07 February 2013 17:26 [Source: ICIS news]
LONDON (ICIS)--Treofan is to ramp up its focus on emerging markets as part of a new strategy to develop the business, the Germany-based bi-axially oriented polypropylene (BOPP) film manufacturer said on Thursday.
The company is currently weighing up the potential of all emerging markets, as well as mature markets such as Japan, where the company does not have a strong presence. Immediate priorities are the Indian, eastern European, Brazilian and the Asia Pacific regions.
According to Vanacker, Treofan will pursue joint ventures and cooperative arrangements with local players, and consider the potential for acquisitions.

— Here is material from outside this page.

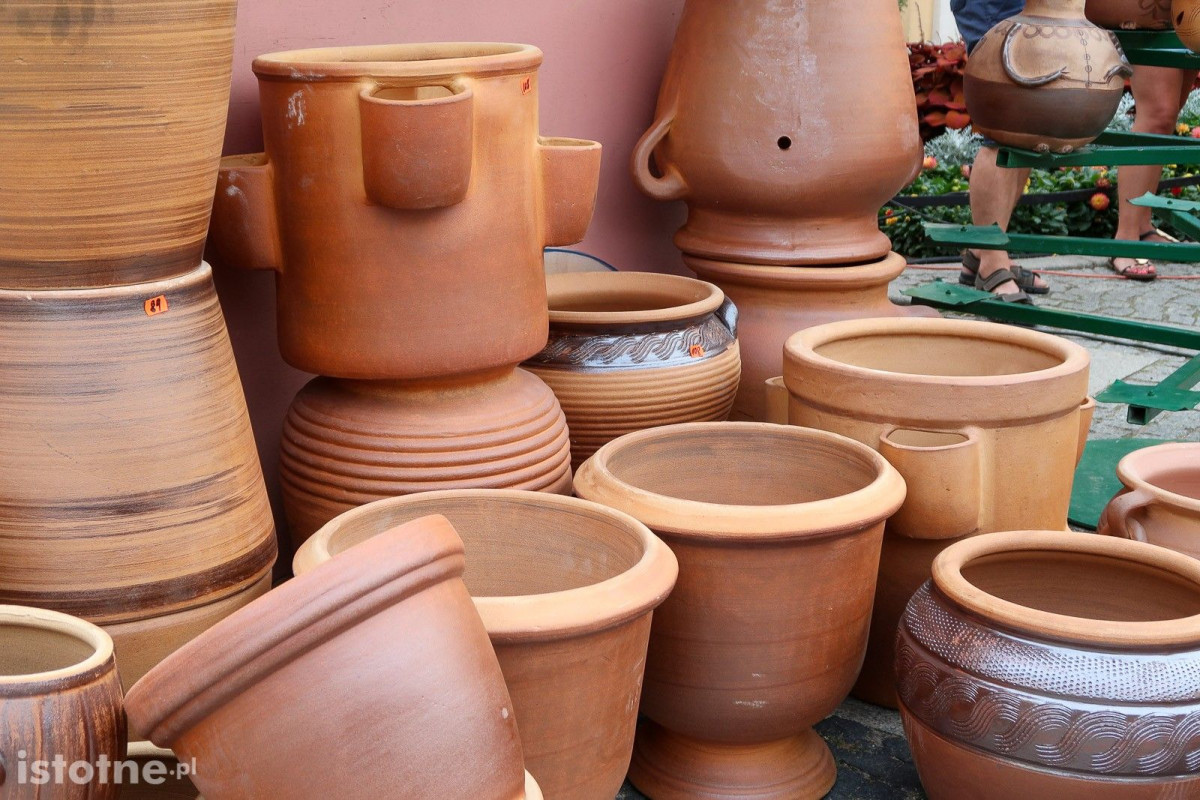Ceramika na targach ceramicznych w Bolesławcu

However, the company is more likely to pursue a straight joint venture route in China and Latin America, whereas full acquisitions are more likely in eastern Europe and India.

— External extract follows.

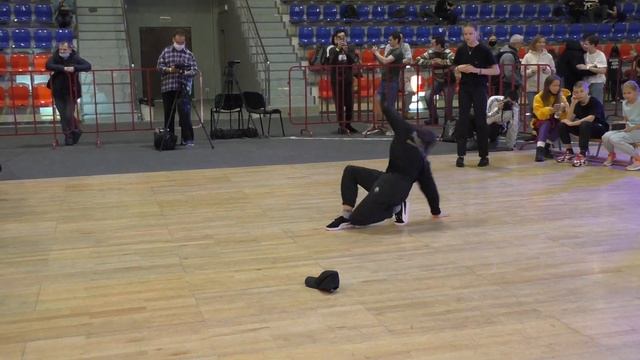 ЧЕМПИОНАТ И ПЕРВЕНСТВО ПО БРЕЙКИНГУ В ДОЛГОПРУДНОМ!!!,11 смотреть онлайн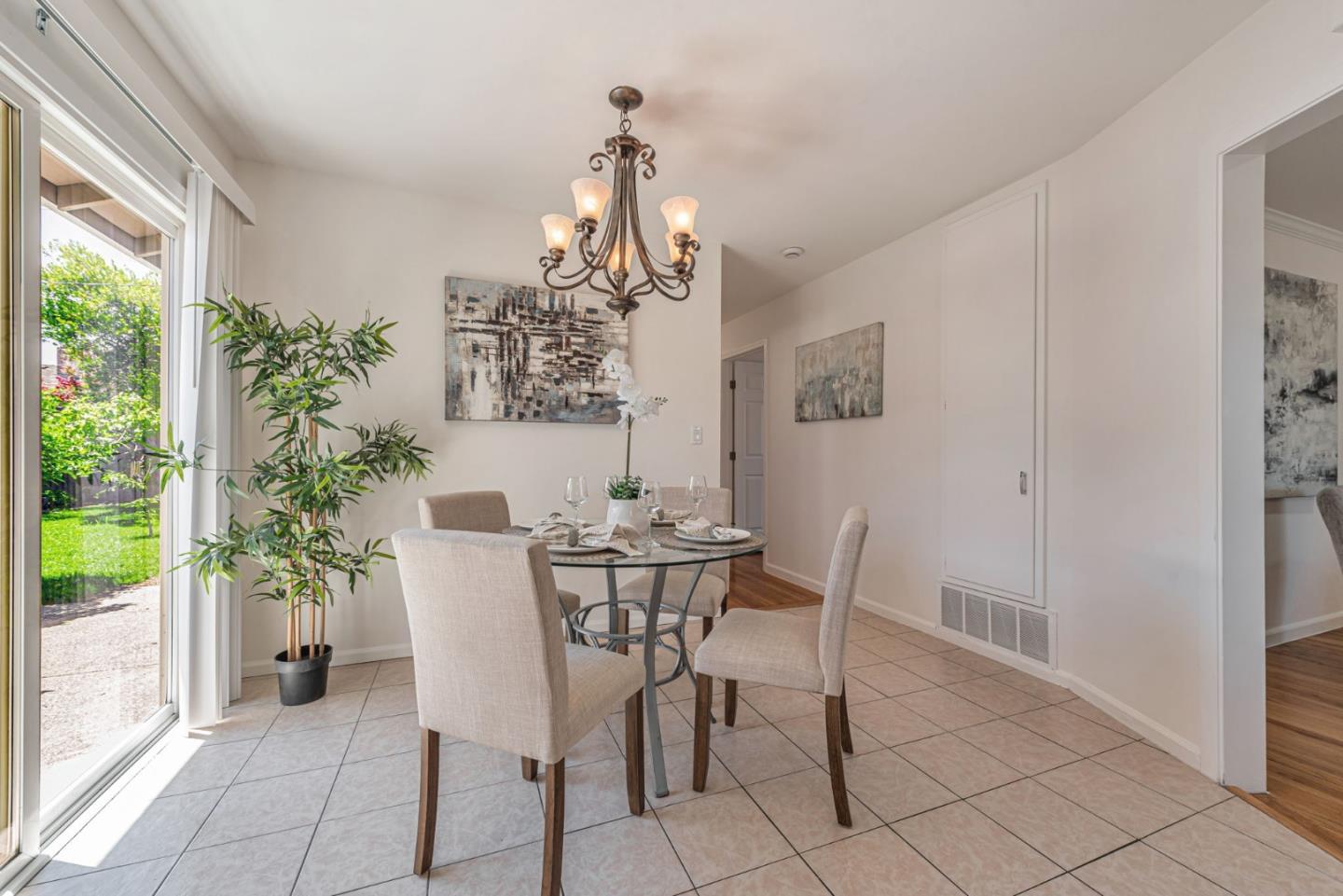 Detail Gallery Image 10 of 25 For 1625 S Wolfe Rd, Sunnyvale,  CA 94087 - 3 Beds | 2 Baths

The company – which is the largest BOPP producer in Europe and the third-largest in North America – currently derives around 40% of its turnover from outside Europe.
“[We are] looking at emerging markets with different eyes than we maybe have in the past. We are already one of the top three global BOPP manufacturers, but in South America, Asia Pacific and Africa, we are not really doing anything with innovation,” Vanacker said.

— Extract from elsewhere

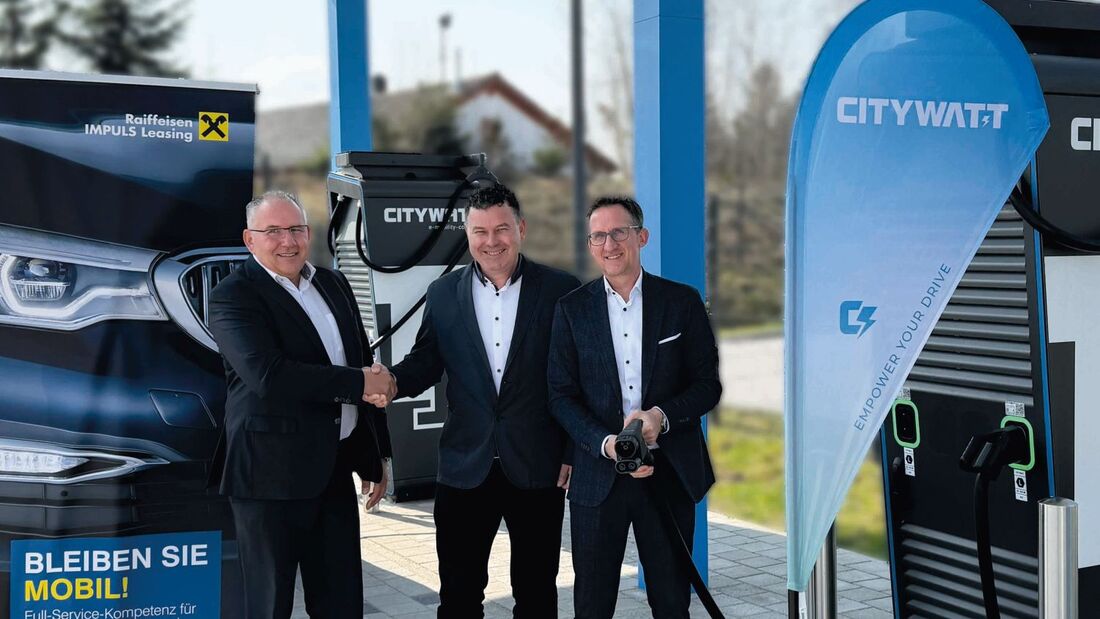 Drei Männer stehen an Ladeinfrastruktur von Citywatt und Raiffeisen-IMPULS Leasing bei einem Pressetermin.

The company signed a non-binding agreement in September 2012 to acquire Indian producer Max Specialty Films, the BOPP subsidiary of conglomerate Max India. However, negotiations between Treofan and the company’s current owners are ongoing, and the deal may not close until near the end of this year, according to Vanacker.
He said: “We are still negotiating. We made a non-binding offer in September, and now we have the discussions and negotiations to bring the deal to a binding point.
“By experience, reaching out to an emerging market, that always takes a little longer than to make an acquisition in a mature market, so I would say this should be finalised in 10-12 months, by the end of 2013, if we are successful,” he added.
India is one of the fastest-growing markets for BOPP, with consumption in the country likely to have grown by 14-15% between April 2012 and March 2013. Growth is more sluggish in the west, but overcapacity has been a more significant issue for the industry, according to Vanacker.
He said: “Growth was not the issue for the BOPP films business, also not in the mature markets. What is and has been an issue for the BOPP film industry has been the irrational investment in additional capacities without looking at supply and demand and considering if demand growth is adequate in the marketplace to fill such expansion.”
The company is also looking to expand beyond its key sector of packaging films into technical films and separator technologies, Vanacker added.